But why would an aspiring legal scholar labor for years to develop and defend a historical thesis that is manifestly untrue? What is the point and what the payoff? That is the principal mystery of this singular book. Characteristic of The Powers of War and Peace is the anemic relation between the evidence adduced and the inferences drawn. The footnotes and citations teem with ambiguity and complexity, while the summary statements snap dogmatic simplicities. For instance, in a section devoted to the powers of war and peace in various state Constitutions, between independence and the ratification of the Constitution, Yoo uses selective citation to convey the impression that state executives not only possessed substantial foreign-policy powers but were also, when commanding the state militias, freed from any obligation to act according to laws passed by state legislatures. That his case is wobbly on both counts is the least that might be said. But what makes his misleading account additionally baffling is that he cites without comment the very provisions in several state Constitutions that deny the executive branch any power to act except “under the laws” passed by the legislative branch.
In a stray footnote, to take another example, Yoo reproduces Madison’s assertion that “executive powers ex vi termini, do not include the Rights of war & peace.” And other Framers, too, classified the powers of war and peace as “legislative.” But Yoo is convinced that the powers of war and peace must necessarily be classified as “executive.” Faced with statements to the contrary, he buries or ignores them. The nimbleness with which, on several occasions, he simply inverts the manifest significance of historical texts that contradict his preset beliefs can only be called athletic.
Yoo’s fictionalizing of the founding period is best exemplified by his lengthy discussion of the August 17, 1787, debate at the Constitutional Convention in Philadelphia. The surviving notes of this debate are admittedly garbled, cryptic and open to interpretation. But two things come through with ringing clarity. First, the word “declare,” as the Framers used it, had a loose and fluctuating meaning. Second, most participants in the discussion agreed on the importance of limiting the President’s war powers by granting important war powers to Congress. This consensus stemmed from a conviction that war is the nurse of executive aggrandizement and that the President, whose powers balloon unnaturally in wartime, has a dangerous incentive to contrive and publicize bogus pretexts for war.

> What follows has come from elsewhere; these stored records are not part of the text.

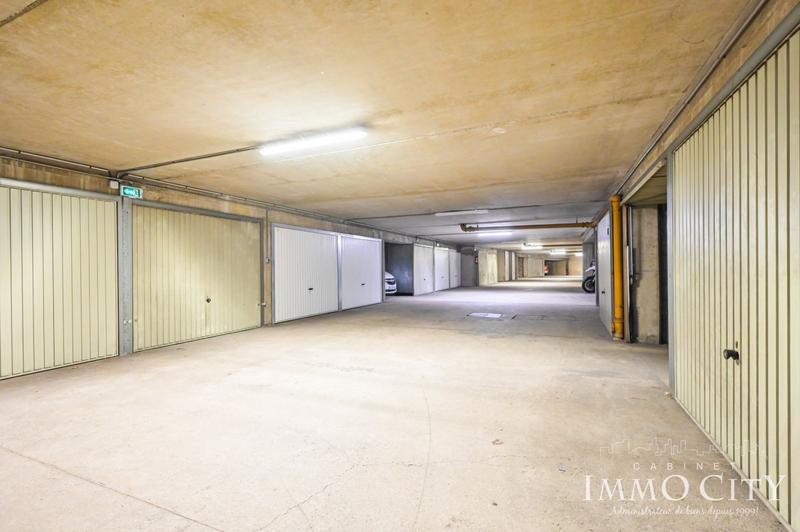 Parking - 11 m²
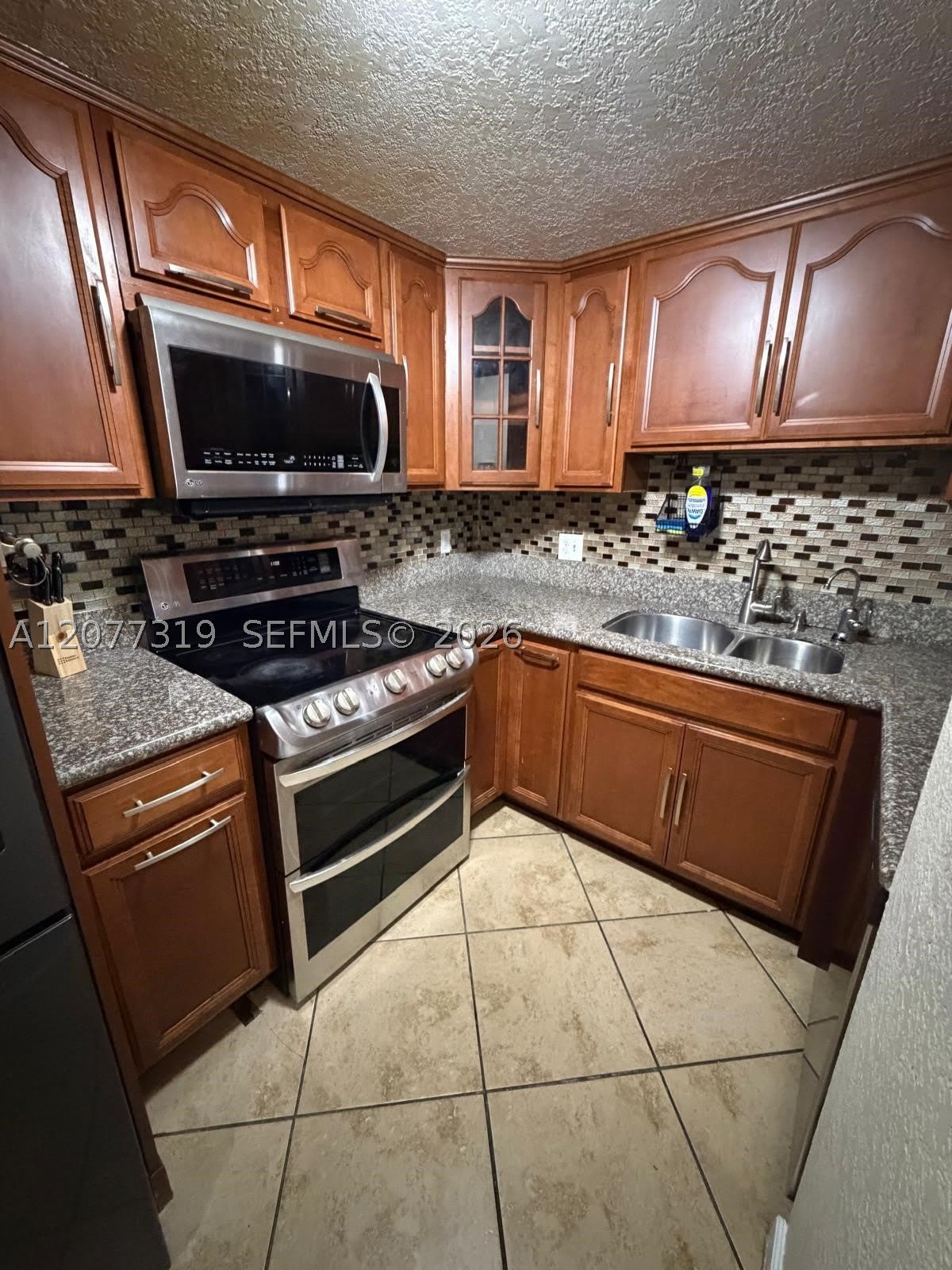 1060 NW 7th St – photo 2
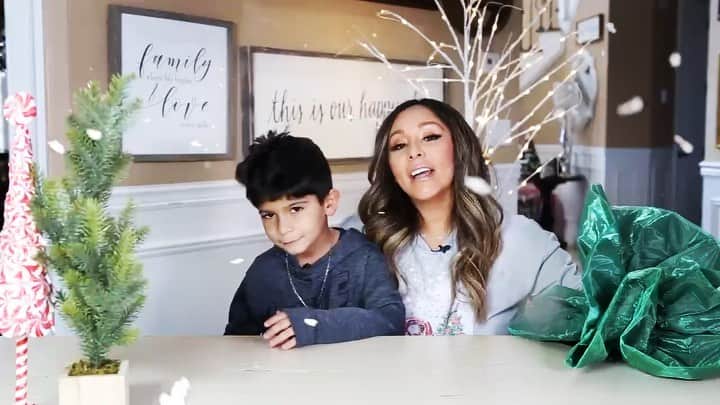 ニコール・ ポリッツィのインスタグラム：「Wohoo my @thesnookishop Holiday Gift Guide is now up on my YT💋 Subscribe MAWMAS 🥂 Link in story🖤」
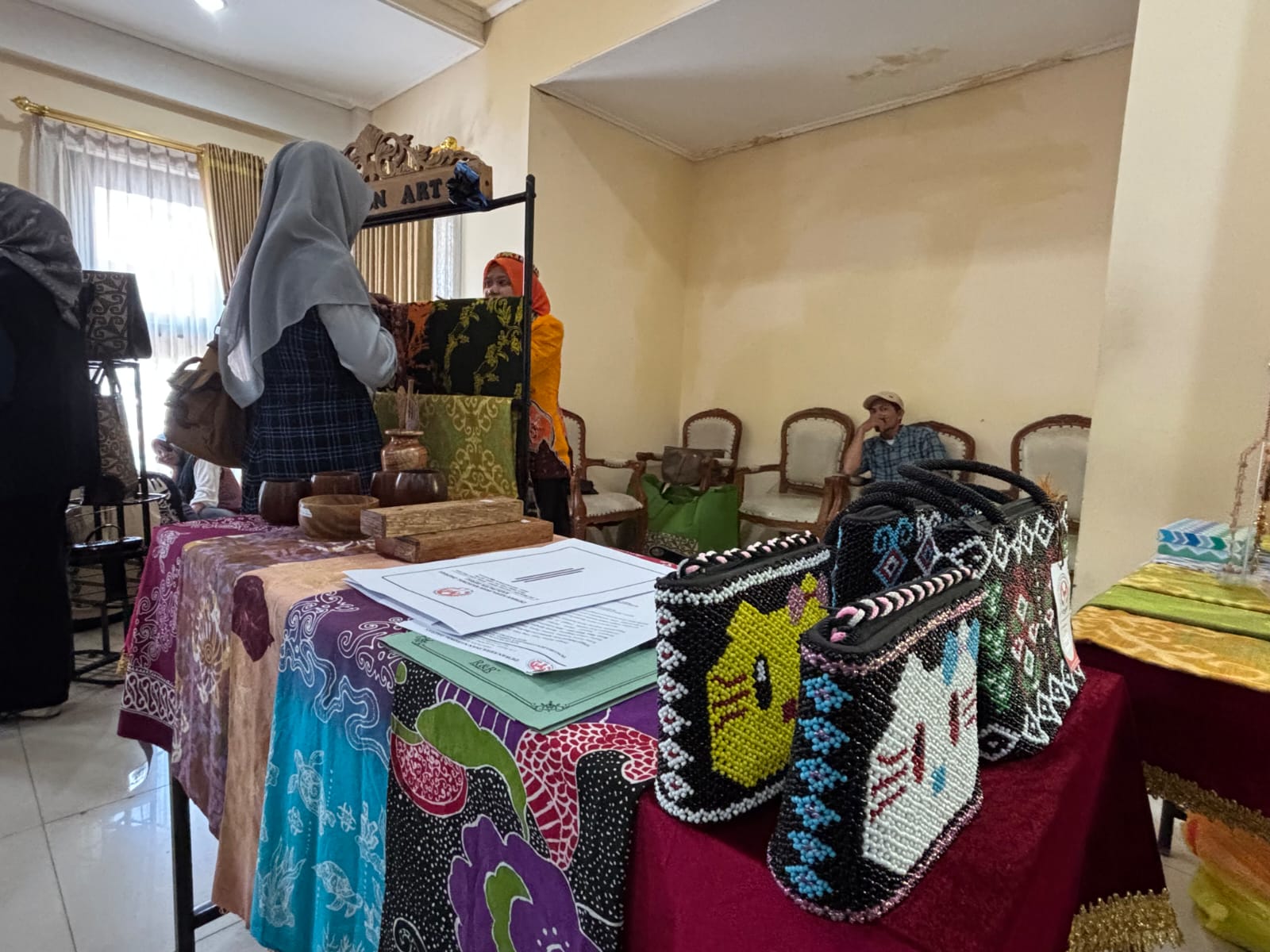 ILUSTRASI: Sertifikasi halal untuk barang gunaan belum dapat terealisasi di Kabupaten Berau, namun Diskoperindag Berau akan berupaya untuk memenuhi standar tersebut. (IZZA/BP)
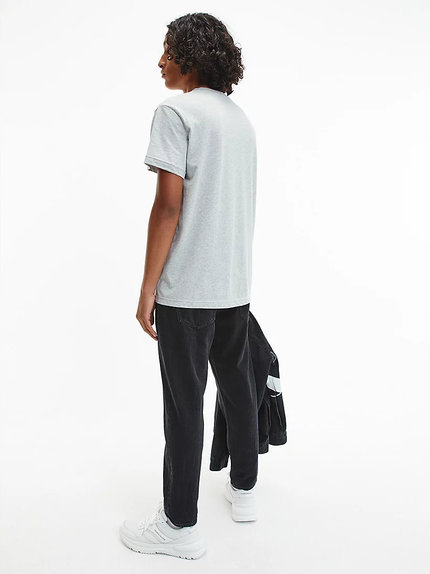 Šedá barva, Monogram tričko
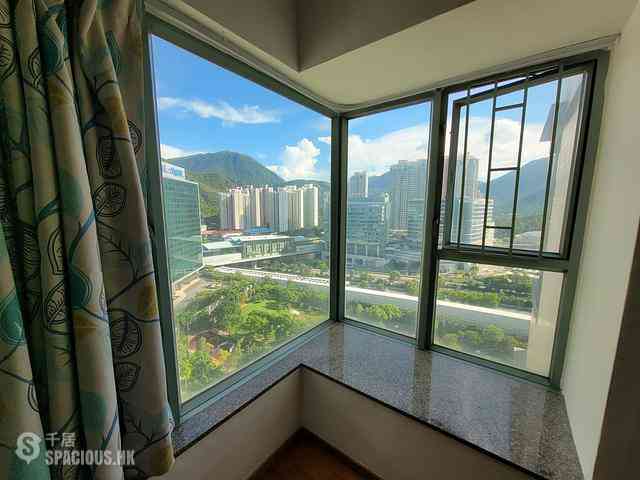 Tung Chung - Seaview Crescent 13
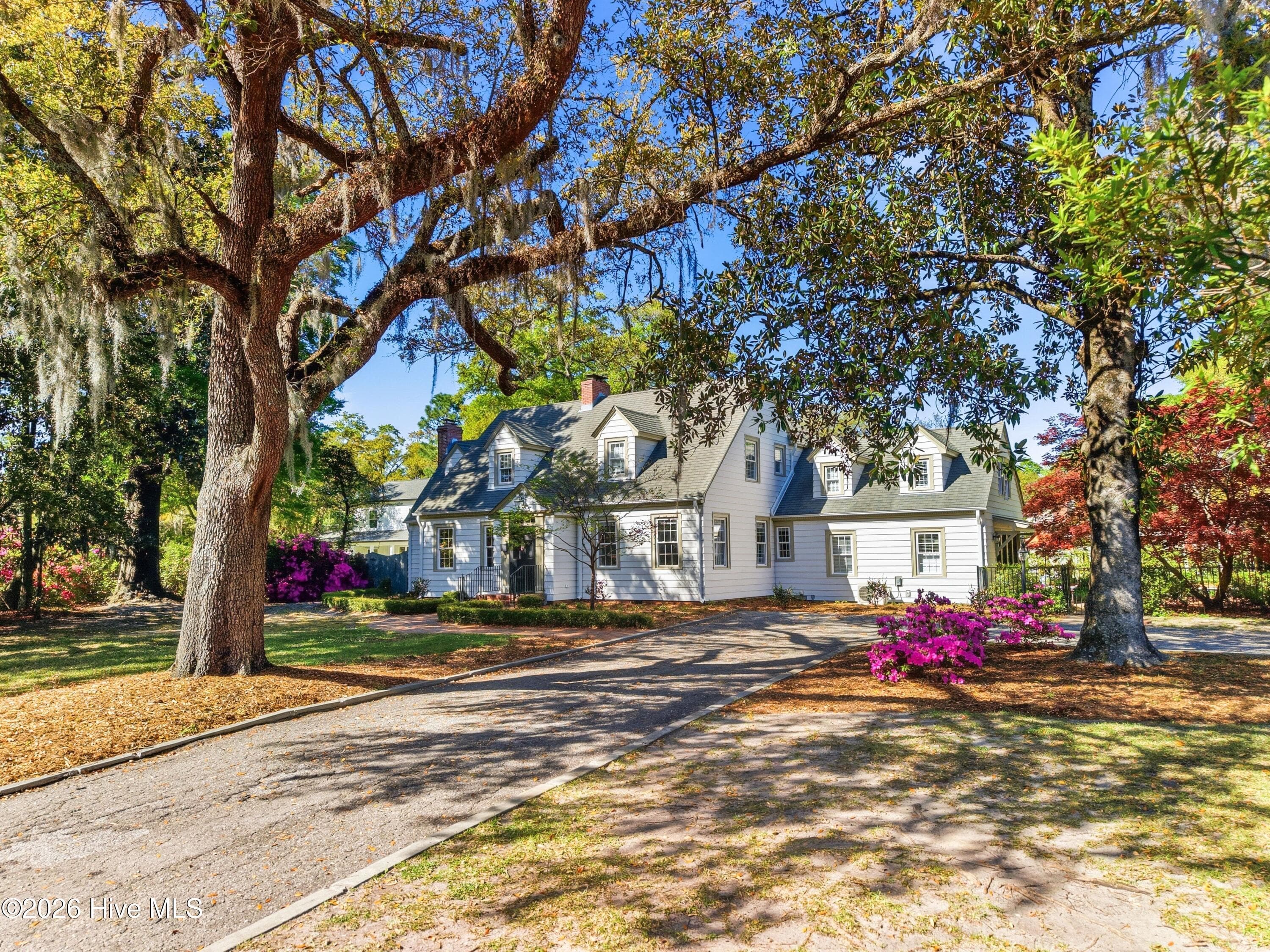 Single Family Residence at 2901 Oleander Drive, Wilmington, NC 28403, Wilmington, photo 3 of 85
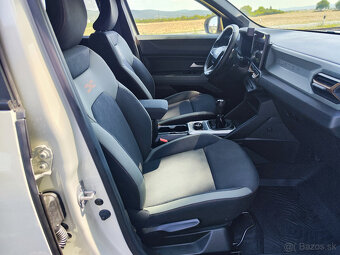 Dacia Duster 1.2 TCe 130 mHEV 4x4 Expression - 11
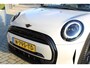 MINI Cooper Mini 1.5 Business Edition | Zwart dak | Cruise Control | Stoelverwarming | | Afwijkende dakkleur | Airco | Bluetooth telefoonvoorbereiding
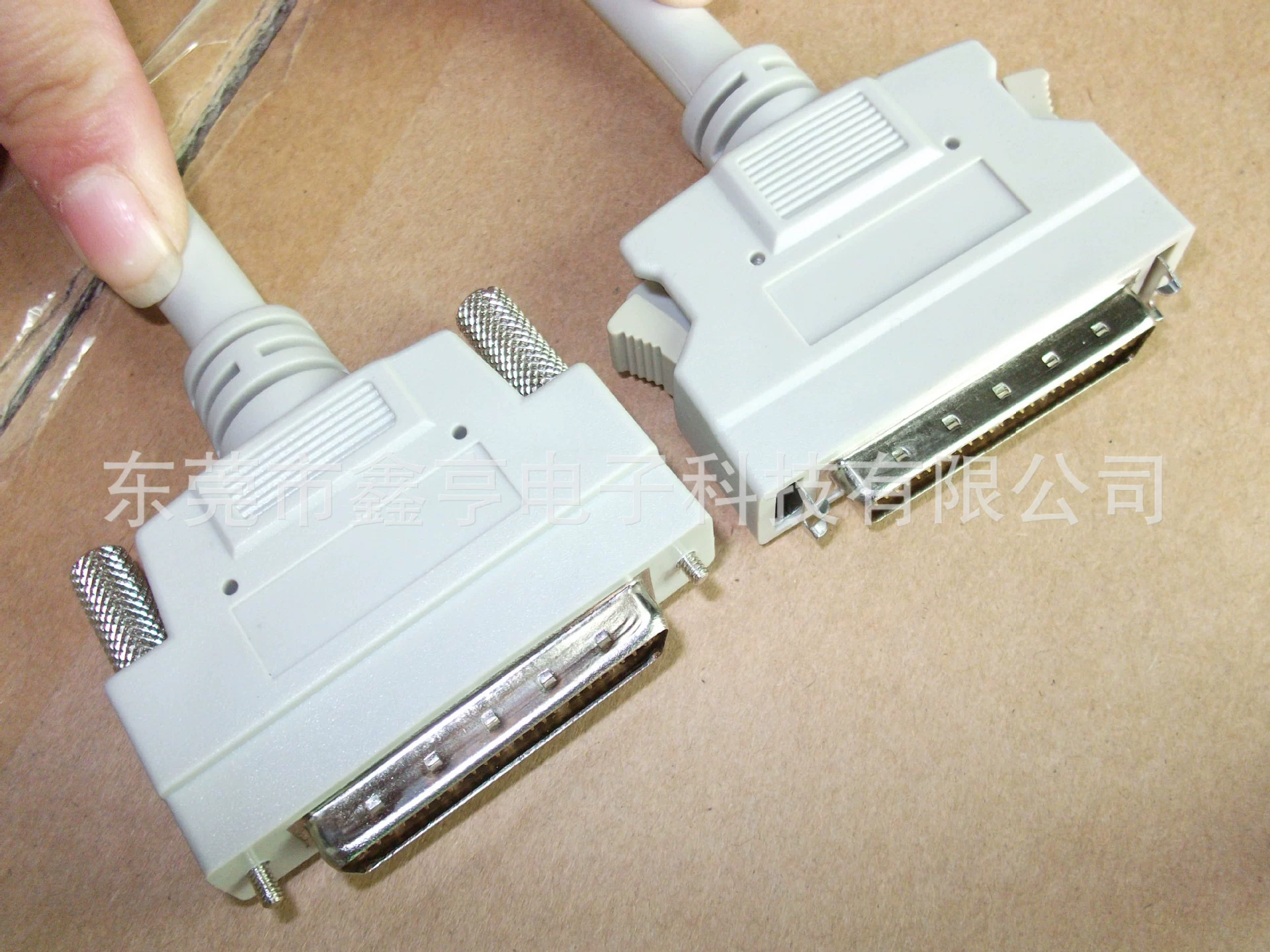 Соединение VHDCI 68F 68M, кабель с двойной экранизацией, линия UL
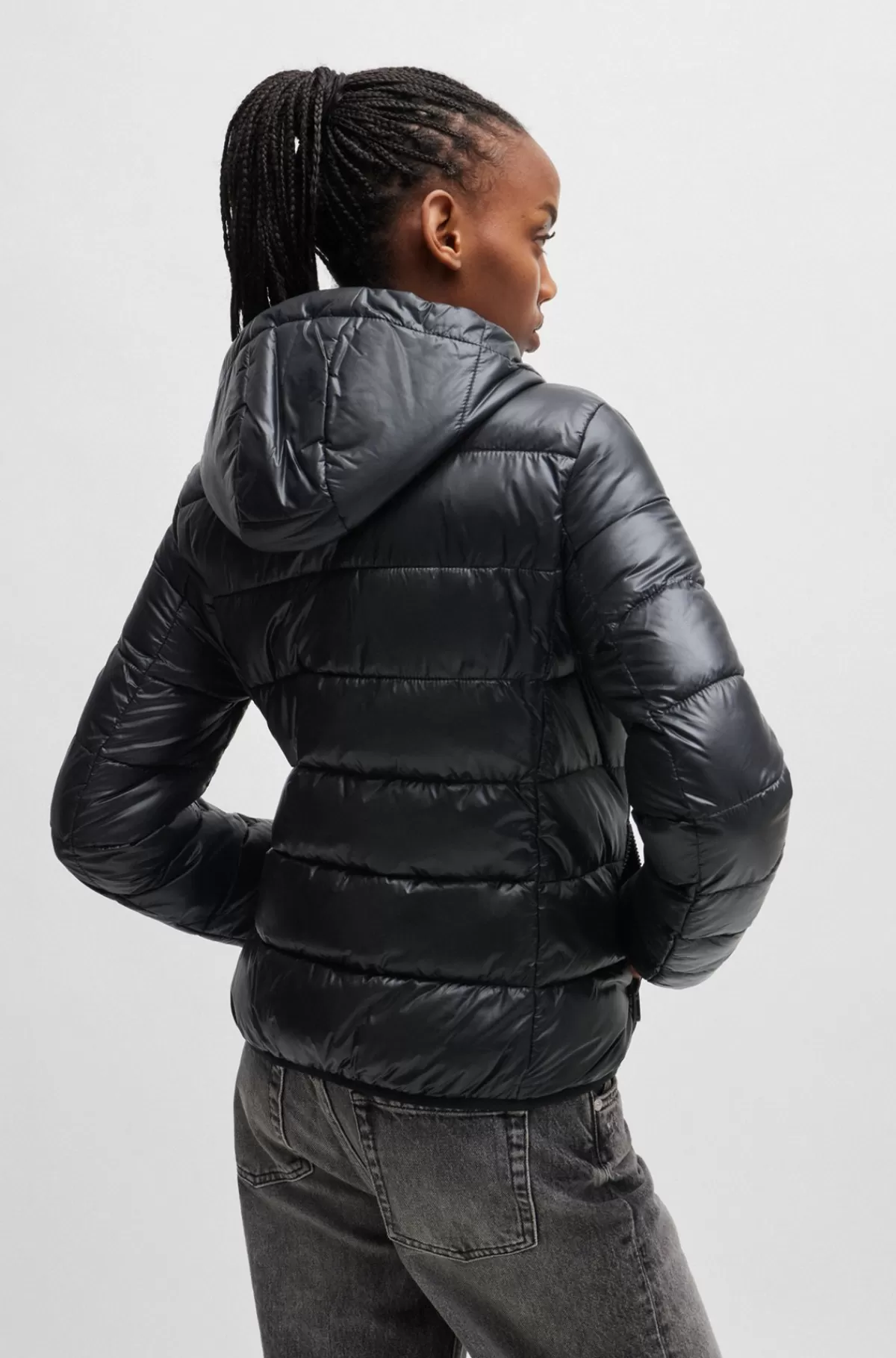 HUGO BOSS Vandskyende Dunjakke Med Kontrastlogo Sort Discount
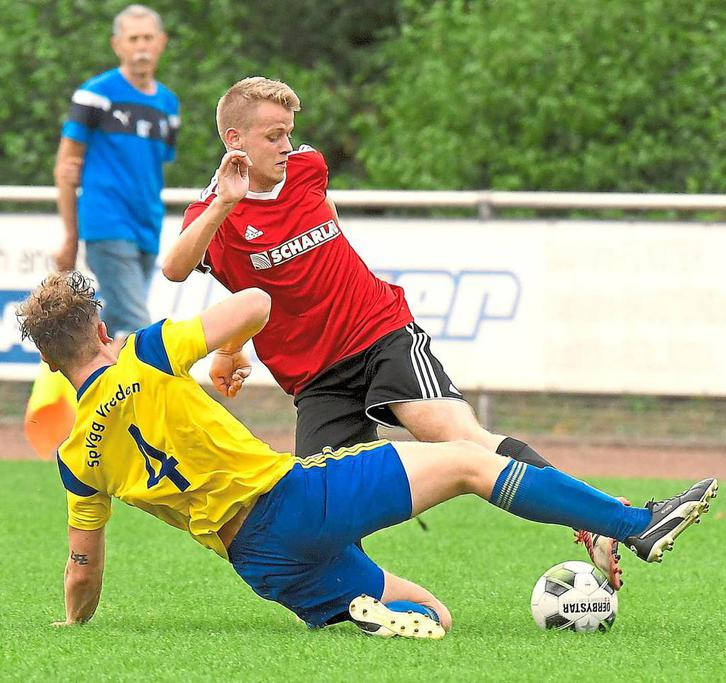 Ackerte viel, hatte aber Pech im Abschluss: Westfalia-Youngster Noah Eggemann wird vom Vredener Paul Droste attackiert. Foto: Frank Wittenberg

Yoo is no doubt right to emphasize the idea, central to The Federalist Papers, that “exigency justified the expansion of government authority in war and peace.” But when Hamilton and Madison referred to “government authority,” they were thinking of the authority of the executive and legislative branches together, not of the executive alone. Because the ruses, stratagems and timing of the enemy cannot be known in advance, it would be folly to tie down the nation’s defensive power to a set of rigid rules. But this does not mean that the Framers wished to make war powers an executive monopoly. In The Federalist, No. 30, for instance, Hamilton asserted that no constitutional limits can be placed on the power to tax, precisely because future necessities admit not of calculation. But this broad constitutional grant of emergency power to the government, made with an eye to providing for the common defense, in no way swells executive power vis-à-vis the legislature or implies any curtailment of Congress’s exclusive power of the purse.
Determined to “prove” a thesis that is shaky at best, Yoo cannot bring himself to write straightforwardly. Some of the book’s cloudiest passages are devoted to the counterintuitive claim that, for the Framers, “the President’s authority under the Constitution did not differ in important measure from that of the king.” He has to make this case against plentiful counterevidence, including Hamilton’s lengthy analysis in The Federalist, No. 69, of the “total dissimilitude” of the American President and the British king. Equally frustrating for the careful reader is Yoo’s repeated claim that Madison inherited from Montesquieu “a pure separation of powers scheme, one in which each governmental function was classified as either legislative, executive, or judicial, and then allocated to that branch.” In fact, in The Federalist, No. 47, Madison went to great lengths to repudiate the pure separation of powers scheme, arguing that Montesquieu had defended a system in which the legislative, executive and judicial departments “are by no means totally separate and distinct from each other.”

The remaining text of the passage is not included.